Fintech applications are more or less similar. Why can they withdraw funds quickly? because there is digital data made accessible by users to be analyzed by smart machines. Before the FSA intervened, they could access various data such as photo galleries, contact lists, SMS, calendars, cameras, microphones, and others that were actually less relevant to the application function.
Usually, there will be pop-up notifications for various access requests that are unknown or explained after downloading. Unfortunately, if one of the access requests is intentionally denied – applicable to the majority of apps – there will be flaws appeared that interfere with the user experience. Eventually, it forces the user to allow all requested access.
Due to the rise of illegal fintech players and victims, user’s smartphone data access is now limited to only cameras, locations, and microphones. All three are permitted by regulators for legal fintech players.

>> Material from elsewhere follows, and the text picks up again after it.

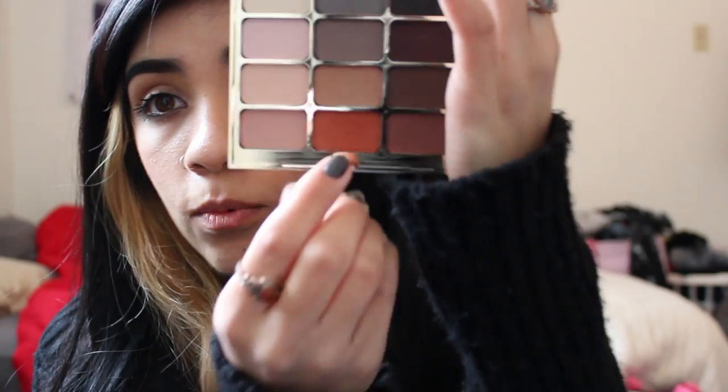For Christmas I got the Stila palette — this one is the Eyes Are The Window shadow palette. This palette would be best to do the look because the color I was going for was an orange like this, and that's what I tried to recreate with the lighter orange shadow from NYX called Blame It on Midnight.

The way to find out what data is requested by the application is quite easy and available for check. On Google Play, try to check at the bottom of the “About this app” section, there is detailed information related to the application. There will be “App permissions,” and choose to “See more.” There will be a clear statement of access to any information requested by the application.
In general, companies will state privacy policies on their sites at the very bottom. It consists of data they take from users, the purpose of use, and its commitment to protecting user privacy from third parties.
Unfortunately, due to the insignificant location, it often passed the user’s sight. The long arrangement with a small size font only creates more reason for users to not take a look and enjoy reading it. Even though the information conveyed is very important.
Gojek
In the Privacy Policy section, they explain the details of data collected directly from users or their mobile devices, every time they use the application or visit a website, and information collected from third parties.
All the information is listed on the Gojek site. Some of these include name, address, date of birth, occupation, telephone number, fax, e-mail, bank account, credit card details, gender, official identification number, biometric information.
In one of its clauses, Gojek opens the opportunity to withdraw data with reasonable notice in writing. The consequence that users receive is that the account is terminated and cannot use applications or services for the future.
Tokopedia
Tokopedia is no different. They collect data submitted independently by users, unlimited data when filling out surveys on behalf of the company, interacting with other users with message features, product discussions, reviews, ratings, detailed transaction data. Continues, real location data such as IP address, Wi-Fi location, geo-location, cookie data, pixel tags, device data used to access the site, and other data obtained from other sources.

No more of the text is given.